On December 22, the package was still in Warrendale.
On December 24, the package left Warrendale.
On December 26, the package returned to Warrendale.
On December 27, the package left Warrendale.
This pattern continues to today, January 3, 2009. One day it leaves Warrendale; the next day it returns.
Today our local Post Orifice called my wife to read to her exactly what my wife can see on their web site: the package is “looping,” the clerk told her.
“Yes, I can see that,” she said. “When will you stop looping it and send it to Ballwin, Missouri, which is just 250 miles east of Overland Park, Kansas?”
“Well, we can’t say,” the postal clerk told her. “There might be something wrong with the address on the package . . . a torn label or something. Hard to tell from here.”
“Then why are you calling me instead of someone at the Warrendale Post Office?”

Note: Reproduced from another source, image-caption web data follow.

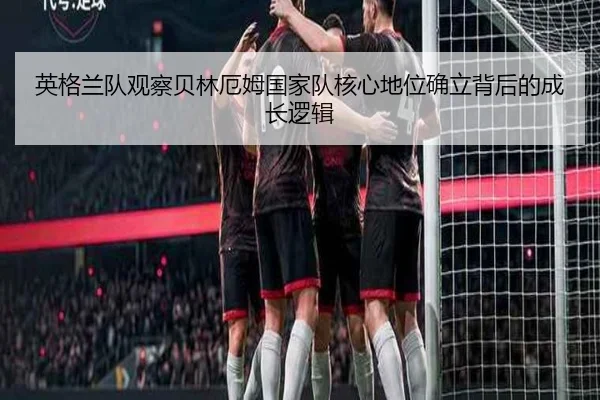 英格兰队观察贝林厄姆国家队核心地位确立背后的成长逻辑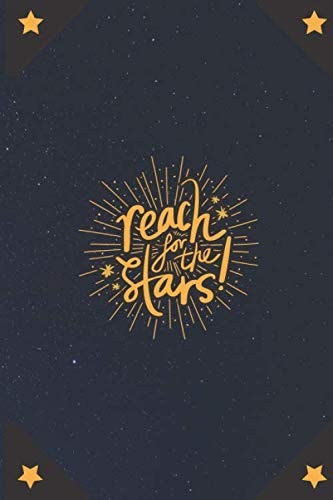Notebook Journal Reach For The Stars: Stars Whats Up In Space Edition ( Stars light - Star kids - Womens Stars - Mens Stars -Girls Stars - Boys Stars ...) Gifts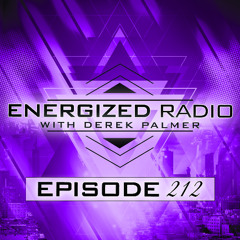 Energized Radio 212 with Derek Palmer
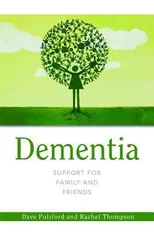 Dementia - Support for Family and Friends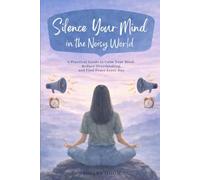 SILENCE YOUR MIND IN THE NOISY WORLD: A Practical Guide to Calm Your Mind, Reduce Overthinking, and Find Peace Every Day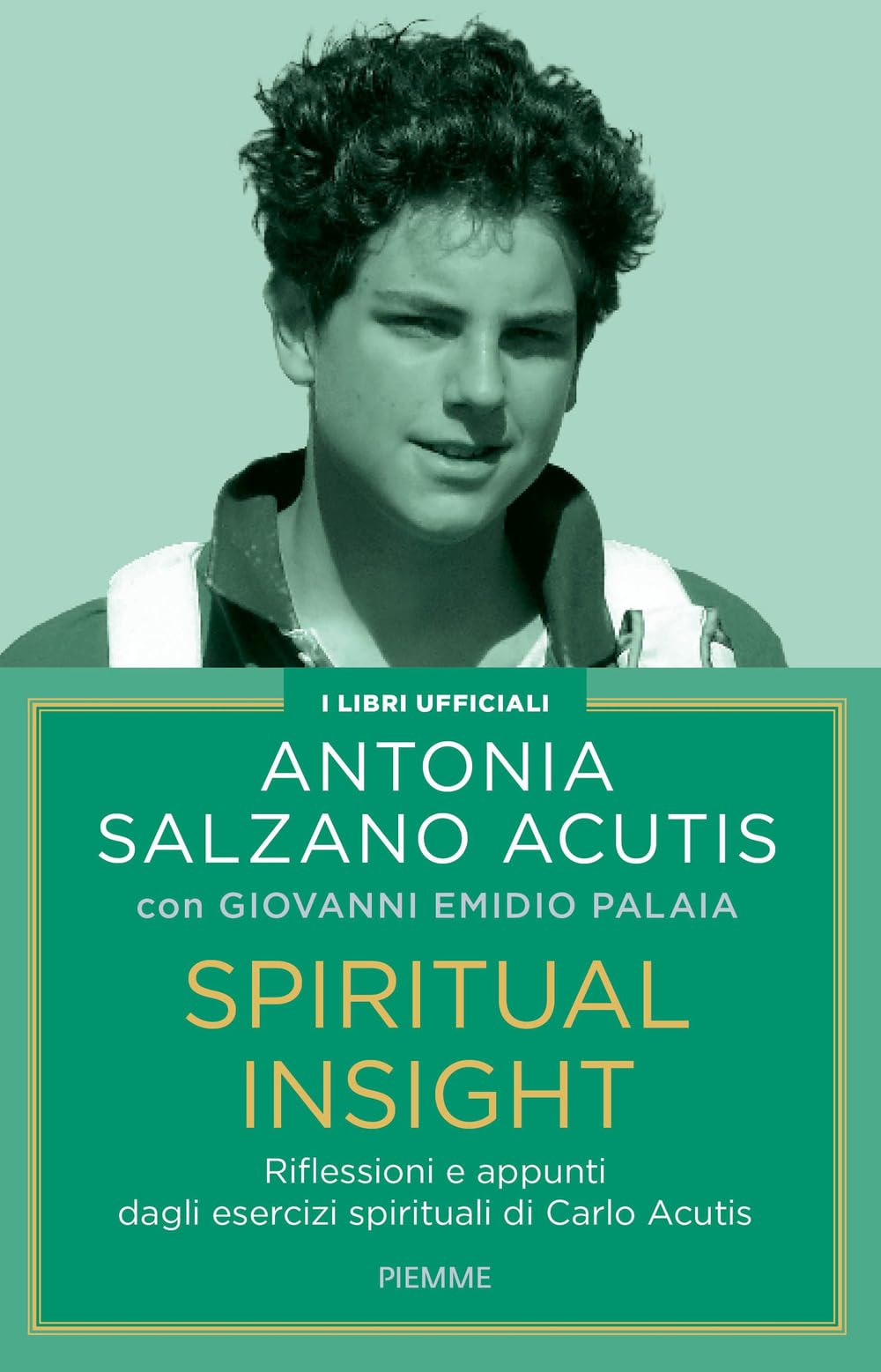 Spiritual Insight. Riflessioni E Appunti Dagli Esercizi Spirituali Di Carlo Acutis - 4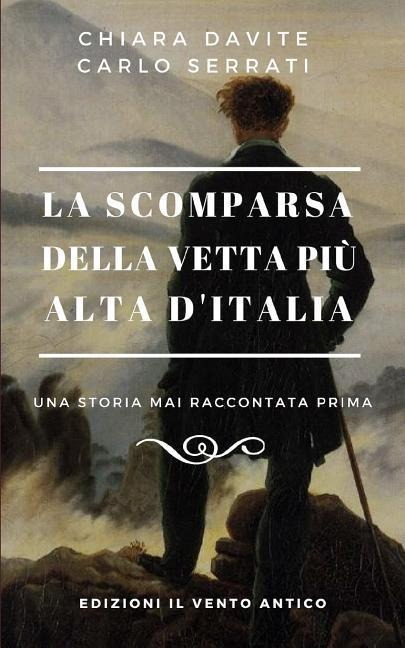 La scomparsa della vetta più alta d'Italia - Carlo Serrati, Chiara Davite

“Because this is your post office,” the clerk answered, as if “Duh!”
“Well,” my wife asked, “will it ever get here?”
“Eventually, they’ll just return it to the sender in Kansas,” the clerk said.
“Eventually?????”
“Yeah. Eventually.”
“When is ‘eventually?'”
“Hard to say from here.”
Just Wait ‘Til They Start Building Cars
The reason the Post Orifice sucks golf balls through 200 feet of garden hose is because it is a government-owned corporation, like Fannie Mae and Freddie Mac. Everything the government does sucks. Why should carrying a package a couple hundred miles be any different?
The government will apply the same standards of excellence to the cars it builds. Anyone, therefore, who buys a Chevy or Chrysler after the bailout deserves the waste of steel he gets. The last time a government tried to build a car and sell it in the USA, it became the gold standard of things that suck: Yugo. As in, “The Post Orifice is the Yugo of delivery services,” or “Fannie Mae is the Yugo of financial institutions.” Shortly, the Cadillac will be the Yugo of Cadillacs.
Another the reason the Post Orifice sucks will be a natural fit at GM and Chrysler: unions that bar managers from firing drunk, drugged, lazy, entitlement-minded, and incompetent workers. (Yeah, I know, “workers” is an exaggeration.) Imagine the guy who loops my stepdaughter’s purse every morning at 2:00 a.m. adjusting the brakes on your Escalade.
Oppose Government Action
If you make one resolution for this new year, make it this: I will oppose government action of any kind because everything the government does sucks golf balls through 200 feet of cheap garden hose.
And if you buy online, make them ship it FedEx or UPS. Never trust the Post Orifice.